Task data:
╭──
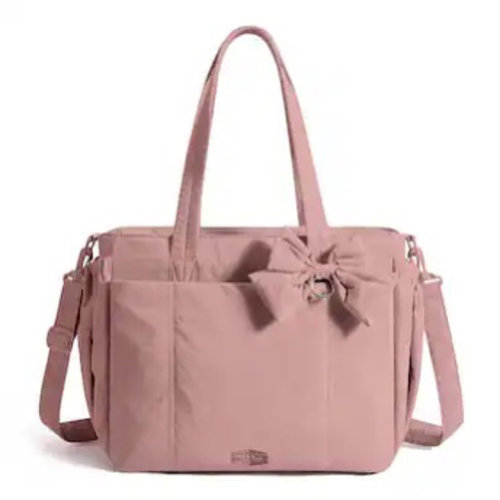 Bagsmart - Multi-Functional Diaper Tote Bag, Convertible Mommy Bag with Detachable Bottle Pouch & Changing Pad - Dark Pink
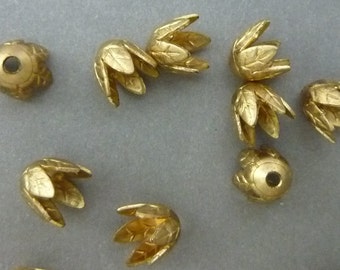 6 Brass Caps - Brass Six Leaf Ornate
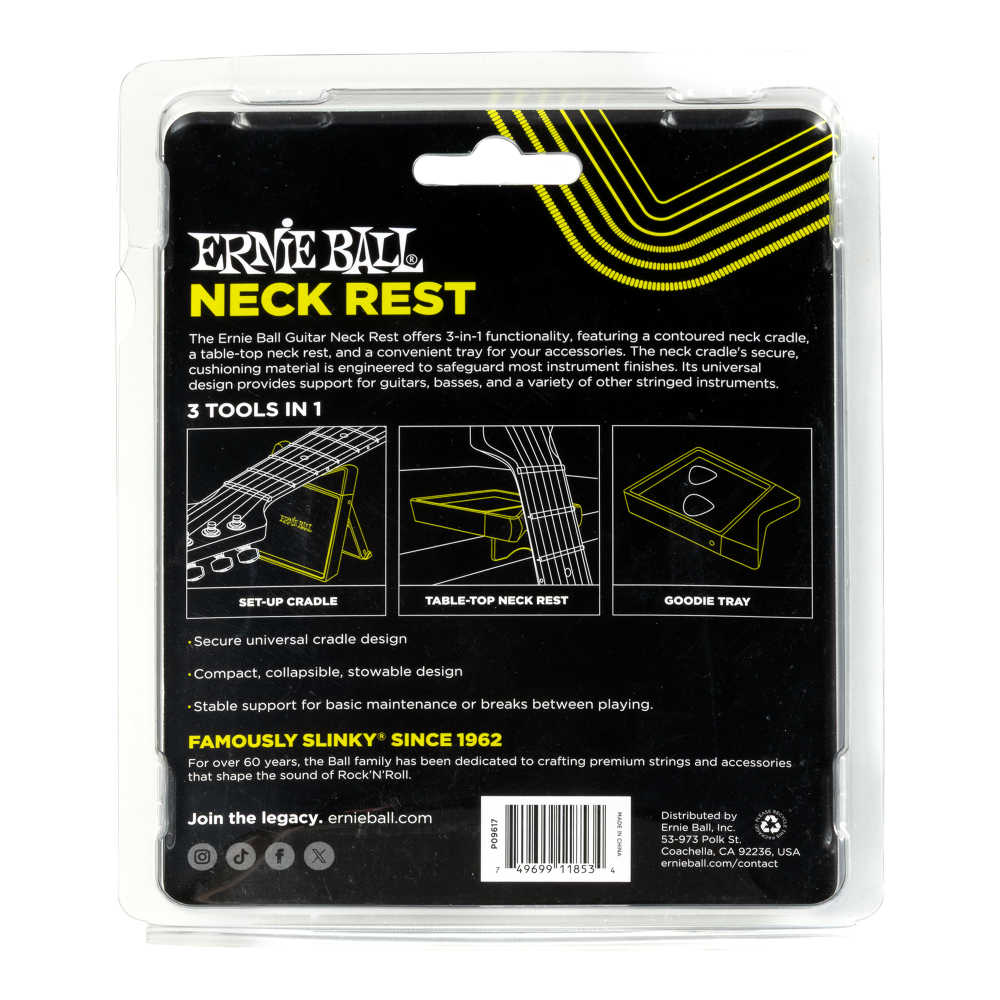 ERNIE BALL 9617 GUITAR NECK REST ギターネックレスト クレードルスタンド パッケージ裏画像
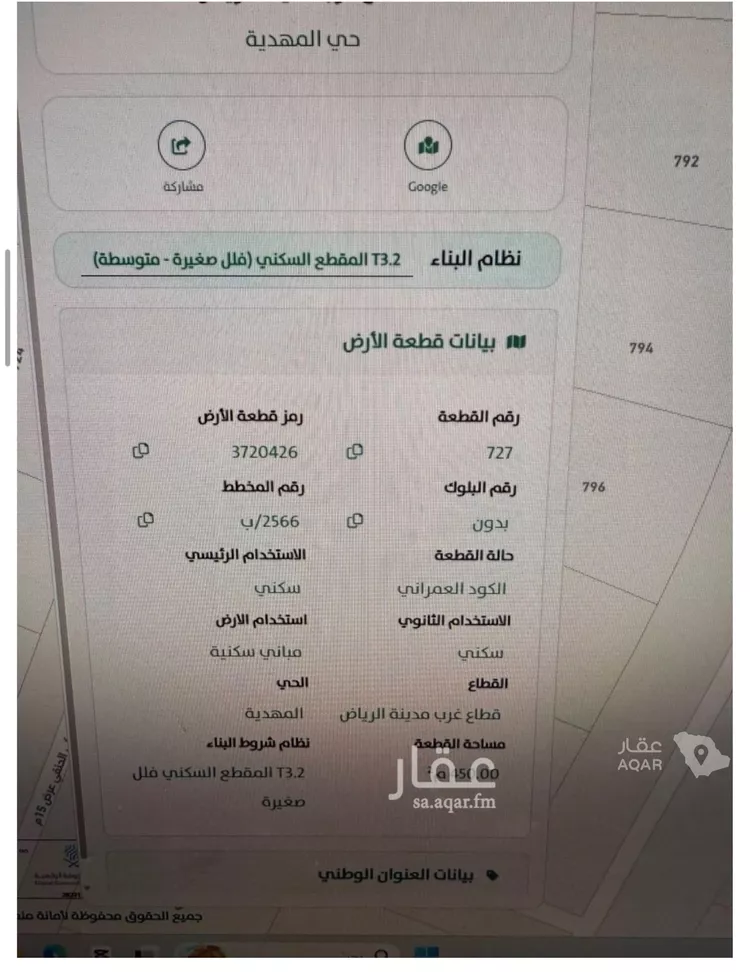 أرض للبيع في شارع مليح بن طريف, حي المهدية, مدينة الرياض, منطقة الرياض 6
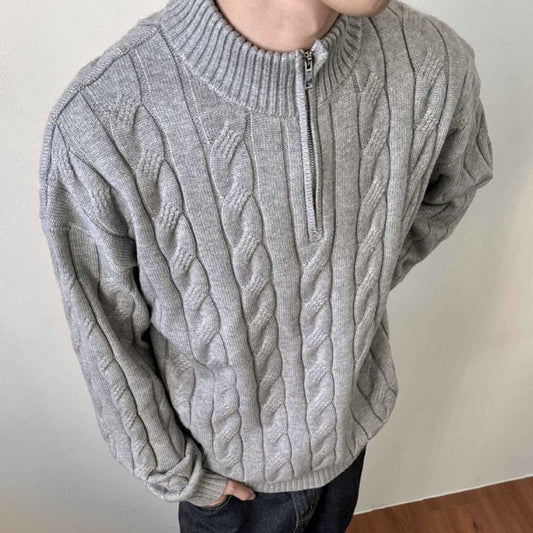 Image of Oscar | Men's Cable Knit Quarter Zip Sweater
╰──
To do: Before printing anything, remove the pictures; then print all the records exactly.

Written answer:
 Bagsmart - Multi-Functional Diaper Tote Bag, Convertible Mommy Bag with Detachable Bottle Pouch & Changing Pad - Dark Pink
 6 Brass Caps - Brass Six Leaf Ornate
 ERNIE BALL 9617 GUITAR NECK REST ギターネックレスト クレードルスタンド パッケージ裏画像
 أرض للبيع في شارع مليح بن طريف, حي المهدية, مدينة الرياض, منطقة الرياض 6
 Image of Oscar | Men's Cable Knit Quarter Zip Sweater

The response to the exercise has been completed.